Not every transaction is a winner, of course. Just as individuals make investments they later regret, the capital markets are perfectly capable of squandering huge amounts of capital; choose your favorite failed dot-com and think of that as an example. Billions of dollars of capital flowed into businesses that didn’t work. The real estate bubble and the Wall Street meltdown did the same on an even bigger scale. Adam Smith’s invisible hand has hurled a lot of capital into the ocean, never to be seen again. Meanwhile, some potentially profitable enterprises are starved for capital because they have insufficient collateral. Economists worry, for example, that too little credit is available for poor families who would like to invest in human capital. A college degree is an excellent investment, but it is not something that can be repossessed in the event of default.
Still, the financial markets do for capital what other markets do for everything else: allocate it in a highly productive, albeit imperfect, way. Capital flows to where it can earn the highest return, which is not a bad place to have it flowing (as opposed to, say, into businesses run by top communist officials or friends of the king). As with the rest of the economy, government can be enemy or friend. Government can mess up the capital markets in the same ways it can mess up anything else—with overly burdensome taxes and regulations, by diverting capital into pet projects, by refusing to allow creative destruction to work its harshly efficient ways. Or government can make the financial markets work better: by minimizing fraud, forcing transparency on the system, creating and enforcing a regulatory framework, providing public goods that lower the cost of doing business, and so on. Once again, the wisdom lies in telling the difference.
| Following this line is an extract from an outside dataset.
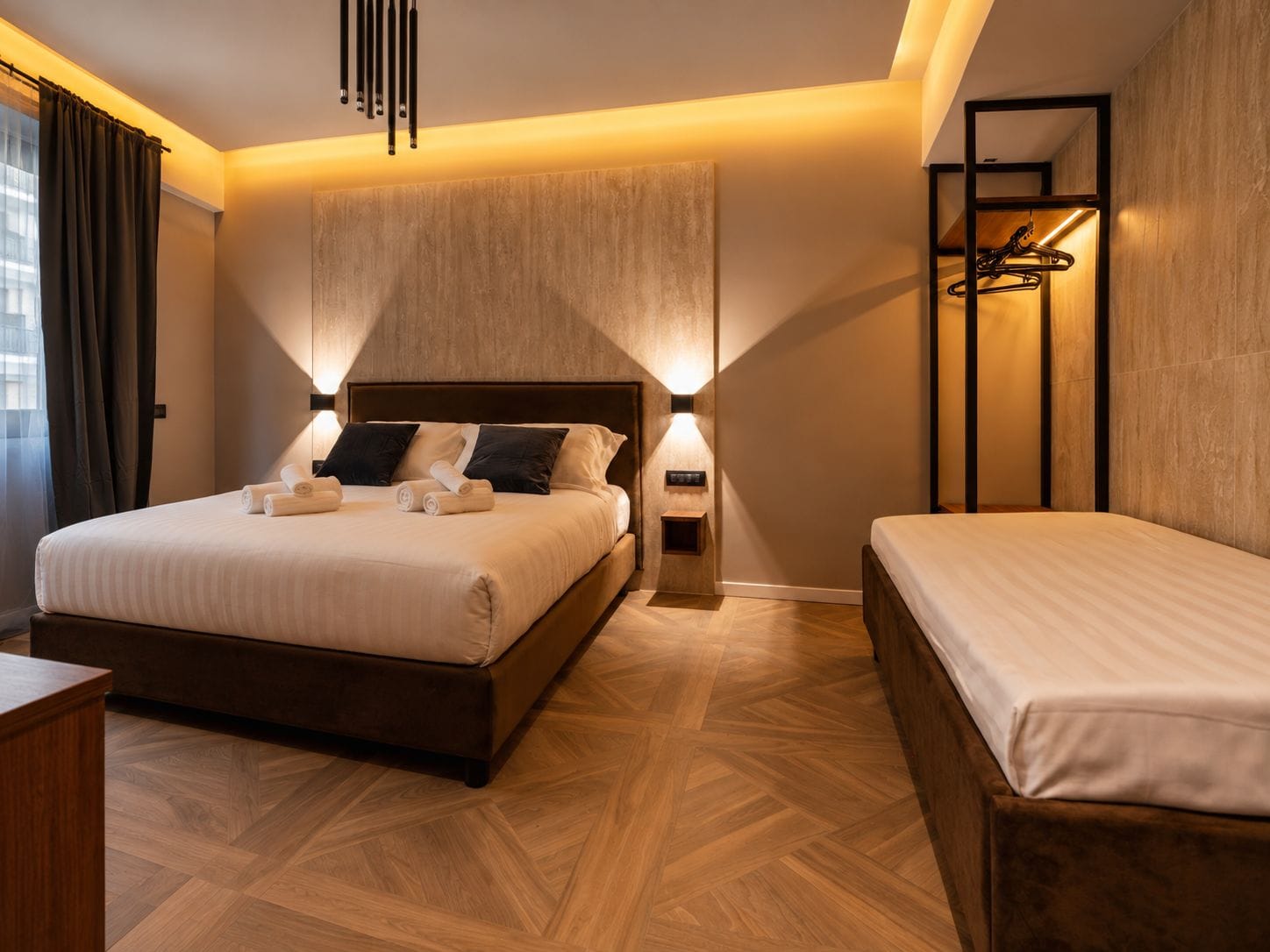 Una habitación de hotel moderna con una cama grande, una cama más pequeña, una mesita de noche, una lámpara de pared y suelo de madera.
Obviously the current crisis has presented some teachable moments. The financial regulatory system needs to be patched up, if not completely overhauled. The challenge will be to protect what a modern financial system does best—allocating capital to productive investments and protecting us from risks we can’t afford—while curtailing the excesses—stupid bets that enrich the folks making them before eventually leaving a mess for the rest of us to clean up.
All that is well and good.
But how does one get rich in the markets?
One of my former colleagues at
The Economist
suggested that this book should be called
Are You Rich Enough?
His logic was that most people would answer no and rip the book off the shelves. Sadly, I’m not a big believer in surefire strategies to trade your way to riches. Just as miracle weight-loss programs violate nearly everything we know about health and nutrition, get-rich-quick schemes violate the most basic principles of economics.
Let me begin with an example. Suppose you are shopping for a home in the Lincoln Park neighborhood of Chicago. After many weeks of searching, you find that a three-story single-family brownstone will cost you somewhere in the range of $500,000. Some homes are listed for $450,000 but they need work; others are listed for $600,000 because they have extra amenities. Just when you begin to despair that you will have to spend $500,000 for a home, you find a brownstone listed for $250,000 that meets all of your specifications. When you investigate, you learn that this home is every bit as nice as the ones you’ve been looking at—same location, same size, same structural integrity. Still wary, you ask your real estate agent for her assessment. She assures you that this house is indeed a remarkable bargain and should be selling for $500,000. In her professional opinion, there is no doubt that you could buy this house for $250,000 and sell it only months later for $500,000 or more. Then you see the final piece of evidence. An article on page 3 of
Crain’s Chicago Business
has a screaming headline: “Bargain of the Month: Lincoln Park Brownstone Listed for $250,000.”
So you snap up the house for $250,000. Sure enough, six months later you sell it for $500,000—doubling your money.
*
How many things are wrong with this story? Quite a few. A reasonable person might begin by asking some of the following questions:
- If this house was really worth $500,000, who was the moron selling it for $250,000? Was this person not willing or able to do the three minutes of work necessary to determine that comparable houses in the neighborhood were selling for twice as much? If not, wasn’t there a family member or a real estate agent—whose commission is based on the sale price—willing to point out this enormous discrepancy?
- Maybe not. In that case, why hasn’t my real estate agent bought this house for herself? If this house is a “sure thing” to double in price, why is she working for my 3 percent commission when $250,000 is staring her in the face?
- Perhaps my real estate agent is a moron, too. In that case, where are all of the other buyers looking for bargains, especially after this house is featured in
Crain’s Chicago Business?
If this brownstone is a tremendous bargain—and has been widely advertised as such—then presumably all kinds of people are going to want to buy it. A bidding war would result, with potential buyers offering larger and larger sums until the price reached its fair market value, which is around $500,000.
In other words, there is virtually no chance that you will find a Lincoln Park brownstone (without some surprise lurking in the basement) for $250,000. Why? Because of the most basic idea in economics. You are trying to maximize your utility—and so is everyone else. In a world in which everyone is looking to make profitable investments, no one is going to leave $250,000 sitting on the table.
Yet people assume the stock market works like this all the time.
We believe that after reading about a “hot stock” in
BusinessWeek,
or reading a Wall Street analyst’s buy recommendation (offered to all the firm’s clients), we can load up on stocks that will trounce the market average. But those supposed “hot stocks” are merely the Lincoln Park brownstone in different clothing. Here’s why:
Let’s start with a stunningly simple but often overlooked point: Every time you buy a stock (or any other asset), someone has to sell it to you. The guy who sells you this “hot stock” has decided that he would rather have cash. He has looked at the current “bargain price” and he wants out—right when you are getting in. Sure, he may need the money for something else, but he is still going to demand a fair market price, just as we would expect someone who has to move out of Lincoln Park to ask $500,000 for a brownstone, not $250,000. The stock market, as the name would suggest, is a market. The price of a stock at any given time is the price at which the number of buyers equals the number of sellers. Half of the investors trading your “hot stock” are trying to get rid of it.